Indeed, whether a condom breaks or slips are the two biggest concerns among condom users. According to Mr Goh, there's one way to prevent condoms from slipping and sliding or ripping - look at yourself in the mirror.

"Slippage occurs when one thinks he needs a magnum-sized one when it's actually XS. Breakage happens when a condom is too small and is overstretched."

Next up for Karex, then: an app that measures the goods. "I'm pushing my guys now to develop an app where one can snap a photo of their penis and the app will in turn provide their measurement. It's doable and it will be cool, especially for the young who are always on their phones," he says.

CEO charm

Between this "man parts" app in the making and his technicolour array of rubbers, Mr Goh is quite possibly one of the hippest CEOs around.

He starts his work day talking about sex. He gets away with asking his clients if they or their partners liked a certain assortment of condoms. "How many people can do that, huh?" he says.
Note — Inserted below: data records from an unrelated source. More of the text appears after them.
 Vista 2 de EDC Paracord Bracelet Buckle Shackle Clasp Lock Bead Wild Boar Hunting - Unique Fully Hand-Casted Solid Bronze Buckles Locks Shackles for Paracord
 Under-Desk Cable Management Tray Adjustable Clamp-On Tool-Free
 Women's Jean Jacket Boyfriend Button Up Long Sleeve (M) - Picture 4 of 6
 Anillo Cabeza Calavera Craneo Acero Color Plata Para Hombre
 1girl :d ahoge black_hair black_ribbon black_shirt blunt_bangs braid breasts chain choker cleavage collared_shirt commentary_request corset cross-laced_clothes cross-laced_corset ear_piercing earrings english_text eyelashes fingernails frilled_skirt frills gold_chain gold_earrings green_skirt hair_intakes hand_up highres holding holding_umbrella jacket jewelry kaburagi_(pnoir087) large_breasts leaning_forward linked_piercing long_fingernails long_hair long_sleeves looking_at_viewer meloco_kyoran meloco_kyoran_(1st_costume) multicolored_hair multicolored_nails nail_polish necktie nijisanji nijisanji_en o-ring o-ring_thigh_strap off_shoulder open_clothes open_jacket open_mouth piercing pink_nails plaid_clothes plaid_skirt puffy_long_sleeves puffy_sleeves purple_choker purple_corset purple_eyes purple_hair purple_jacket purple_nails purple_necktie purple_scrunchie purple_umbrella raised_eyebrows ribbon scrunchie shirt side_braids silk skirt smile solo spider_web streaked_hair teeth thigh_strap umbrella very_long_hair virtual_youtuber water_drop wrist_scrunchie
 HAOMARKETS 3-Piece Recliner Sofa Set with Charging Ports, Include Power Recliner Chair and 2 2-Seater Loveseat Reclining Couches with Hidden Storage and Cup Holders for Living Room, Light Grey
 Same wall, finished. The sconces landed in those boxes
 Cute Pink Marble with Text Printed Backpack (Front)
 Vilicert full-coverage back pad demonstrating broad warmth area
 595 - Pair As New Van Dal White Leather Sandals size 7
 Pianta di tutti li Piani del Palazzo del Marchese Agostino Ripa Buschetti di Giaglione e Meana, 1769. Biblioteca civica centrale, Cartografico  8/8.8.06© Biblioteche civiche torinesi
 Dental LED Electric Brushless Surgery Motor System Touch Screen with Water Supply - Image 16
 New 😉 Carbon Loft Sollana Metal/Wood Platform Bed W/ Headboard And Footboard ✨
At events, he regales the crowd with condom tales and answers their never-ending burning questions about what is mostly a blush-worthy private matter for conservative societies.

At shareholders' meeting, he is frequently asked if he himself has tried the various types of condoms.

So, has he?

"Yeah, I would have to try all. We also pass it around to our staff and have a group of friends we call f***ers who try everything and give us feedback," he says.

"It's easy to keep a straight face when I'm talking about my business. It's (been) my life since I was a kid," he adds after observing this writer's nonplussed expression.

But at home, where "condom packets are all over the place", it can be difficult for this father of four girls, who are aged between one and 10, to maintain the same professional detachment.

"Once, my eight-year-old asked my wife if she could open a condom wrapper she found at home. I overheard their conversation while I was in the toilet. I wasn't ready to come out and have that conversation with my daughter," he says.

"I haven't reached that comfort level yet."


CONDOM TRIVIA

"Double bagging"

When two condoms are used at once, it actually flies in the face of protection as it creates more friction and is likely to rip the condom(s).

Is that a gun in your pocket...?

For decades, soldiers, sailors and marines in many countries have been sliding condoms over the muzzles of their weapons for water-borne ops to keep water out and protect their guns.

Men are not created equal...

The snugger a condom fits, the better the sex. Not sure if you are three or 10 inches or unsure about the measurement of your girth? Give TheyFit.com a shot.

A sheath by any other name

Condom comes from the Latin word condus, which means a receptacle. Italian anatomist Gabriello Fallopio was the first to describe a condom in his writings in 1564 when he advocated the use of a linen sheath wrapped around the man's genitals to prevent syphilis.